Try it:
Return each line of the listing exactly, though without its images.

Data for this task:

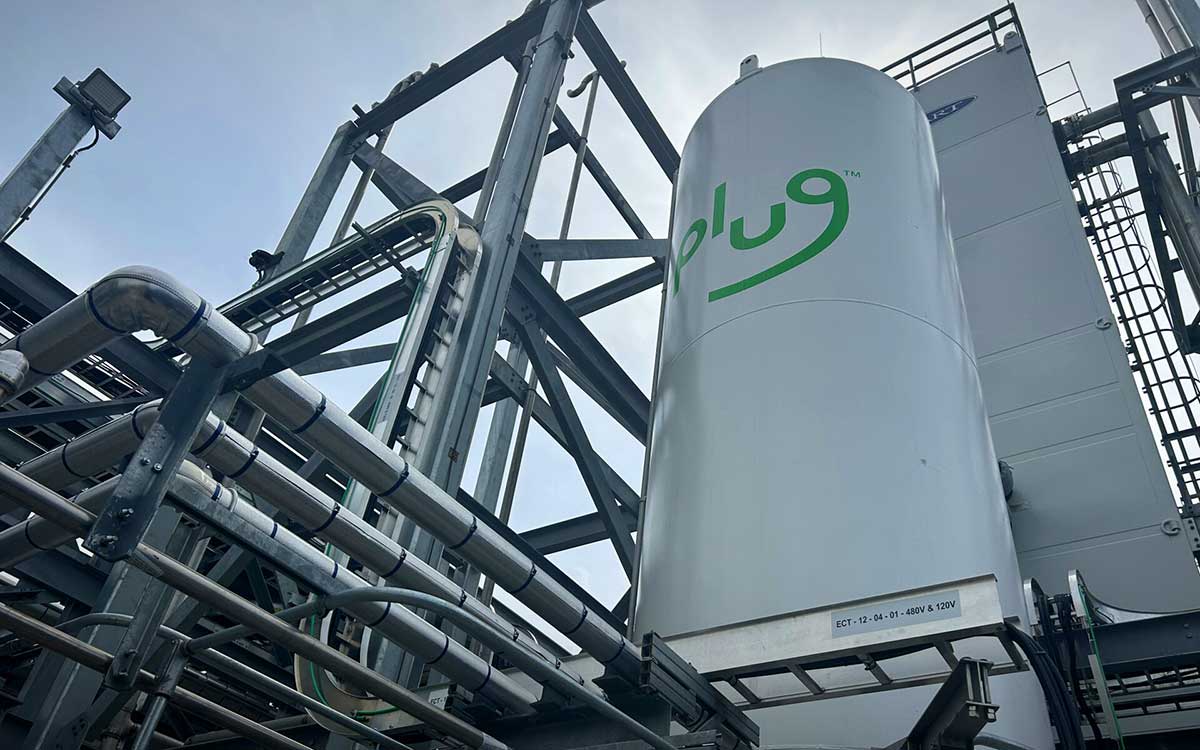 Hydrogen Storage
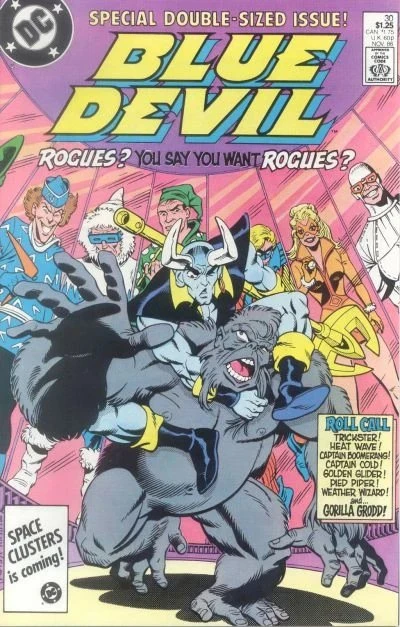 Cover of "Too Many Rogues"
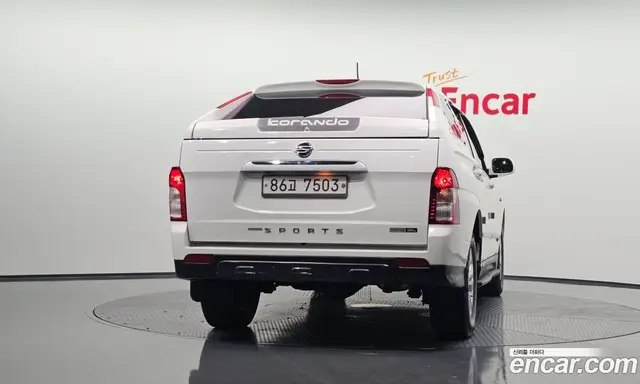 SsangYong Korando 2016 2.2 автомат (гидро), миниатюра 3 SsangYong Korando 2016 2.2 автомат (гидро), миниатюра 3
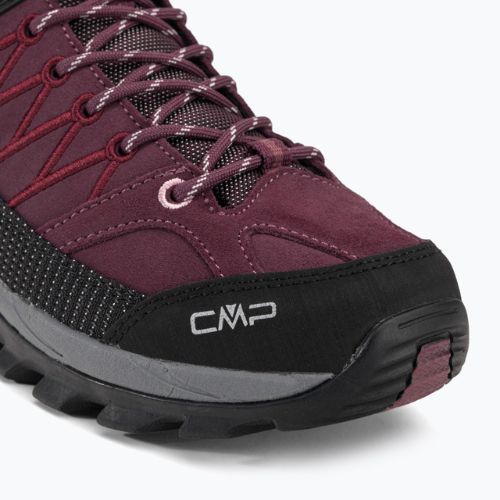 Buty trekkingowe damskie CMP Rigel Mid Wp prugna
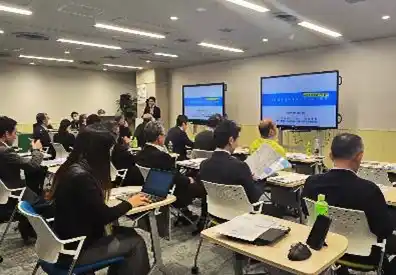 【NTT西日本】 中堅・中小企業向け「ＤＸ体験会」を開催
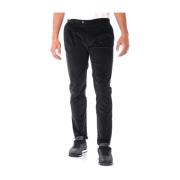 Jeans Daniele Alessandrini , Black , Heren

Solution for this exercise:
 Hydrogen Storage
 Cover of "Too Many Rogues"
 SsangYong Korando 2016 2.2 автомат (гидро), миниатюра 3 SsangYong Korando 2016 2.2 автомат (гидро), миниатюра 3
 Buty trekkingowe damskie CMP Rigel Mid Wp prugna
 【NTT西日本】 中堅・中小企業向け「ＤＸ体験会」を開催
 Jeans Daniele Alessandrini , Black , Heren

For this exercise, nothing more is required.